Lawsuits over high-mileage cars never go anywhere, Liblang cautions.

There was a time and another place. A tall, sweet boyfriend who kissed me by candlelight and took me motoring in the country in his 1978 Sirocco with a 1.5-liter engine tweaked and titillating. He collected so many speeding tickets he was forced to sell cheap in the early 80s. I bought it for a grand. And a grand time I had. Sold it for my first Jetta in 1984 and bought one after another.

Sure the VWs are persnickety. Little problems. Big problems. But nothing like owning Seymour, the ravenous plant in “Little Shop of Horrors.” It has gone from bad romance to gaslighting.

Friends gasp. Surely one car wouldn’t go bonkers so often.

I truly believe Volkswagen should buy it and explore what combination of factors creates a mechanically challenged automobile with 90,000 miles on it. Cash strapped people expect a couple hundred thousand miles use from their mechanical steeds.

So, I asked the company. VW paid half the cost of the timing chain, when my car wasn’t included in a timing chain recall of thousands that year. They paid part of the engine cost and supplied technicians to consult on the craziness of its electrical failures. Then the seven-month-old engine started leaking, but finding “where” became a long-winded problem. The shop suffered a paucity of technicians, Covid sweeping through the remaining staff, then the whole supply chain awaiting parts. Car stayed seven weeks.
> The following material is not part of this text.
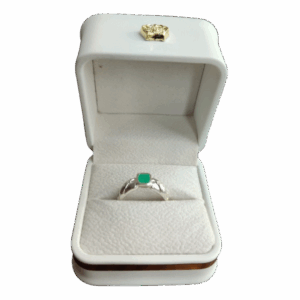 Anillo e plata con esmeralda Melodía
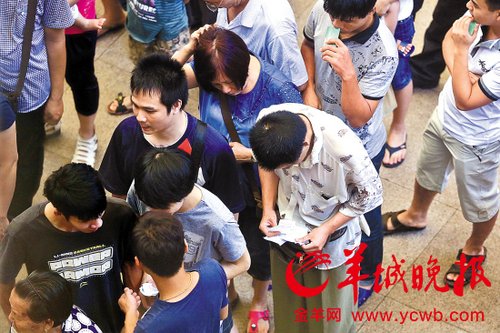 挎腰包的“黃?！狈职l(fā)一輪“任務(wù)”后，自己也開始整理“炒號(hào)”簽條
Three days later an exhaust clamp broke, spewing toxic fumes everywhere.

Getting angry only makes things worse.

“The current concern was not related to the engine from April.  They (the dealership) as a goodwill gesture, repaired the vehicle and provided alternate transportation due to “your loyalty”. 

I am sorry you feel we do not stand behind our cars.  I am also sorry you have had any concerns at all.  We have done the best we can to help here and would not offer any further assistance,” wrote Katie Deel, Customer Retention Operations Lead in a letter to me.

The mantra from top on down, is that “the current concerns are not related to the older concerns,” if the engine leaks it can’t be from an engine that was rebuilt for $8,600. I go crazy. Carvana, the newest purchasing platform, offers me $5,800.

“You can’t sell it,” says Amir, the service manager. “You’ve got all these warranties on parts and repairs. Drive it till the wheels fall off.” To be sure, the dealership has bent over backward to help me through this. They gave me a free loaner car for the engine repairs. But the trauma is too much.

I can’t afford to keep it. Nor sell it.

“Jetta-Jetta-oo-la-la,” I sing along with Lady Gaga.